§ **Exercise**
In the material below, find the line with "Charger l'image dans" and the line with "2.5L Hiker Rain Jacket". Output exactly those two lines and all lines between them, leaving out pictures.

§ **Supplied entries**
......

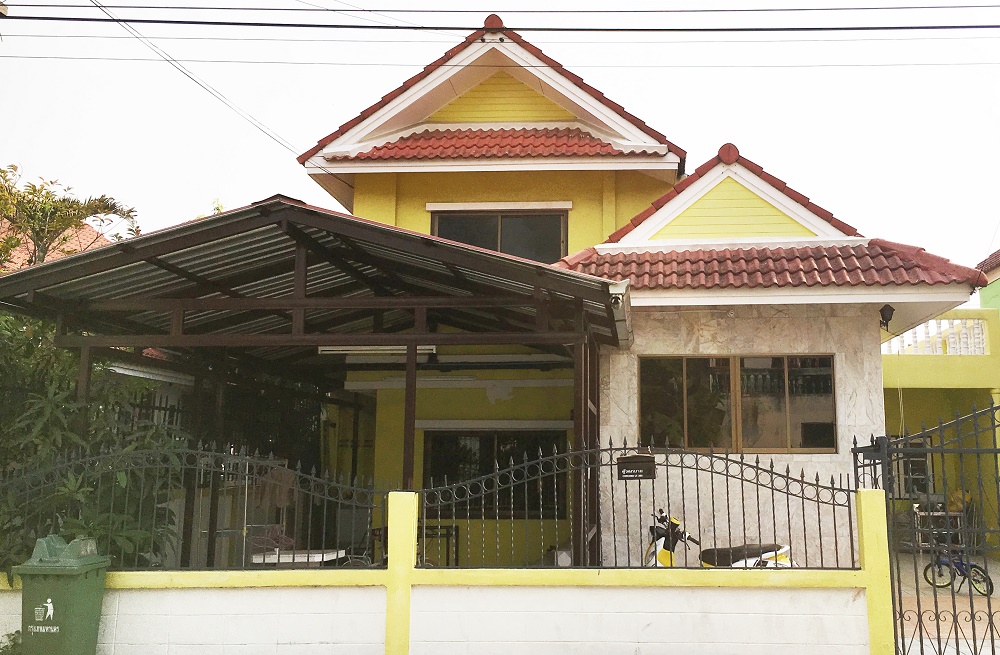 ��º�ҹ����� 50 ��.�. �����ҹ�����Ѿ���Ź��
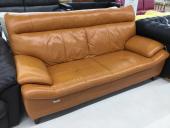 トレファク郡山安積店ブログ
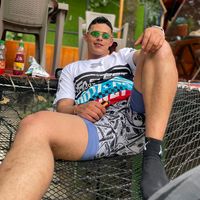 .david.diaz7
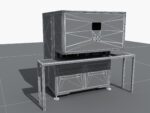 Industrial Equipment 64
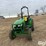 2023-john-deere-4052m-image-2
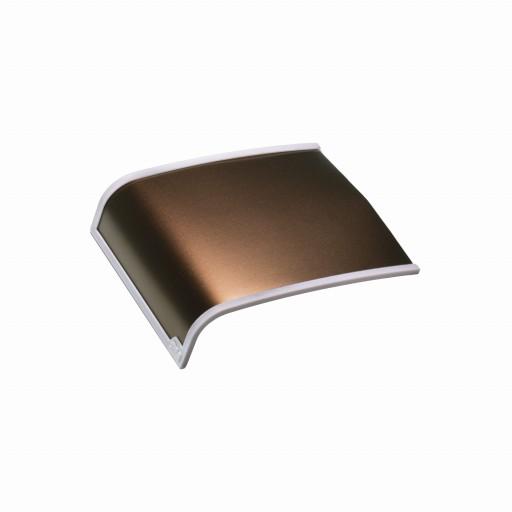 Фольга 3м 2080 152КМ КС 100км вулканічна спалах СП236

......

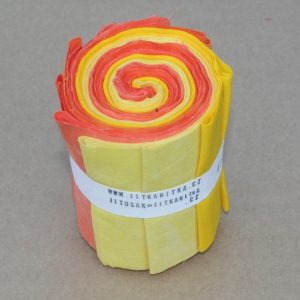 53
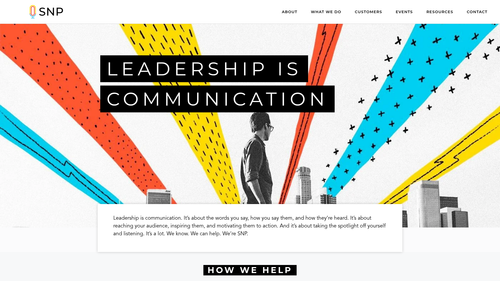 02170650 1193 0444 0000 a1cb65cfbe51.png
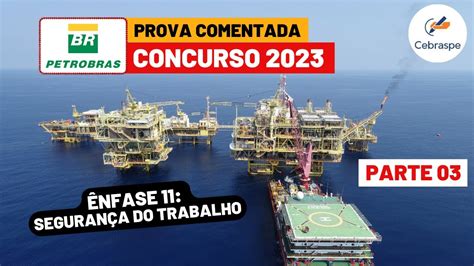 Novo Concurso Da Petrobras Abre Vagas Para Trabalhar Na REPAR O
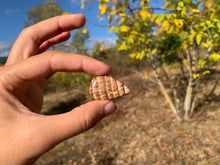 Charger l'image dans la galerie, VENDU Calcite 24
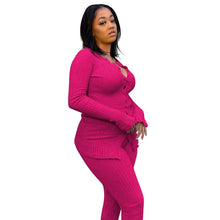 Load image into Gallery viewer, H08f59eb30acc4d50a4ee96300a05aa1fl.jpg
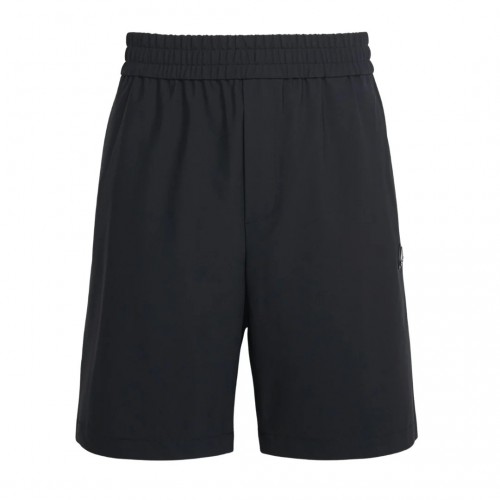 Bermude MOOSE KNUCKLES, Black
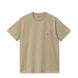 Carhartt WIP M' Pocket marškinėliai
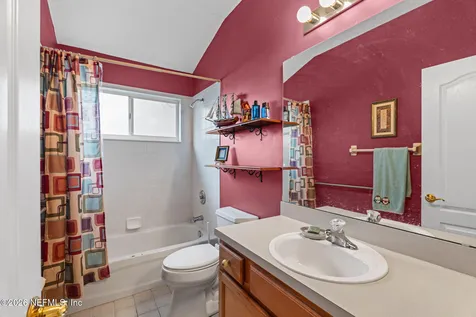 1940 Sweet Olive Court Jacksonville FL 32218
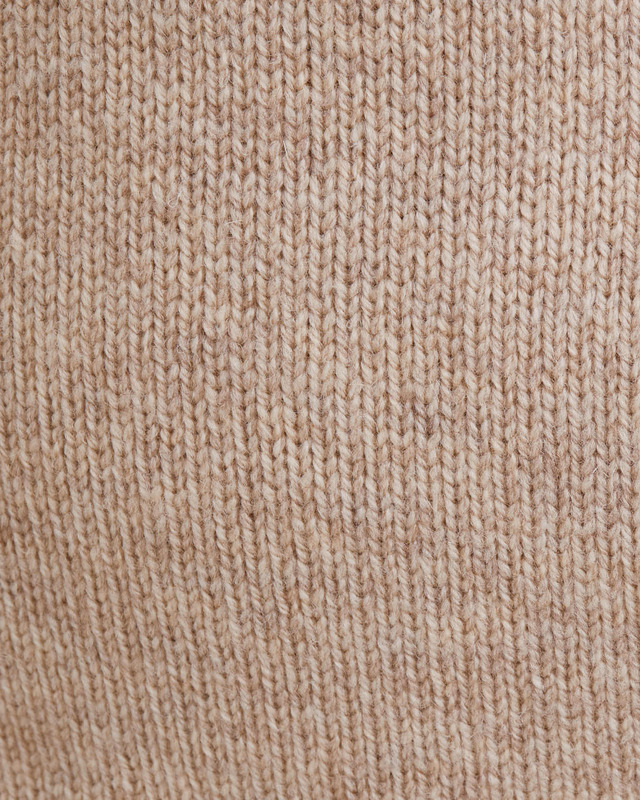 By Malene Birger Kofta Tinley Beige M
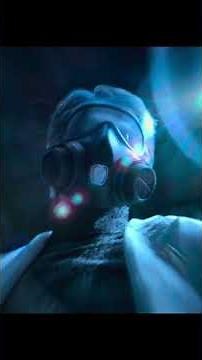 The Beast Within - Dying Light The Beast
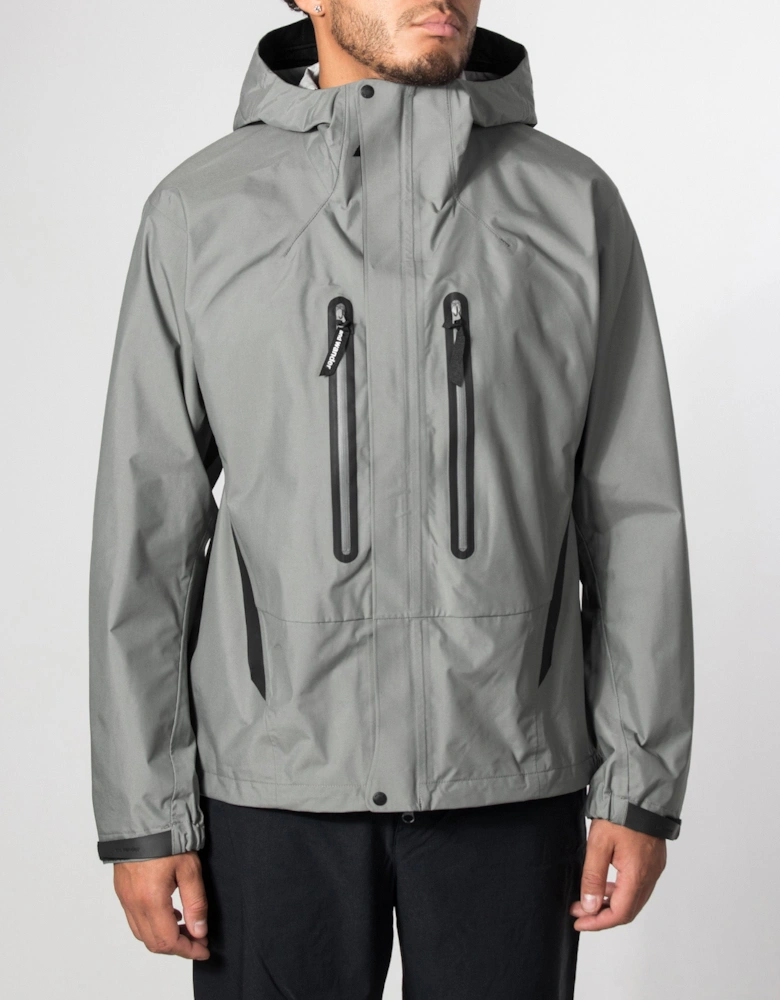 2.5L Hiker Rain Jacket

......

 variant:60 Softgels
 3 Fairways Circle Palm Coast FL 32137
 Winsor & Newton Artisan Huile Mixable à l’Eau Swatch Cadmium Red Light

......

§ **Written answer**
 Charger l'image dans la galerie, VENDU Calcite 24
 Load image into Gallery viewer, H08f59eb30acc4d50a4ee96300a05aa1fl.jpg
 Bermude MOOSE KNUCKLES, Black
 Carhartt WIP M' Pocket marškinėliai
 1940 Sweet Olive Court Jacksonville FL 32218
 By Malene Birger Kofta Tinley Beige M
 The Beast Within - Dying Light The Beast
 2.5L Hiker Rain Jacket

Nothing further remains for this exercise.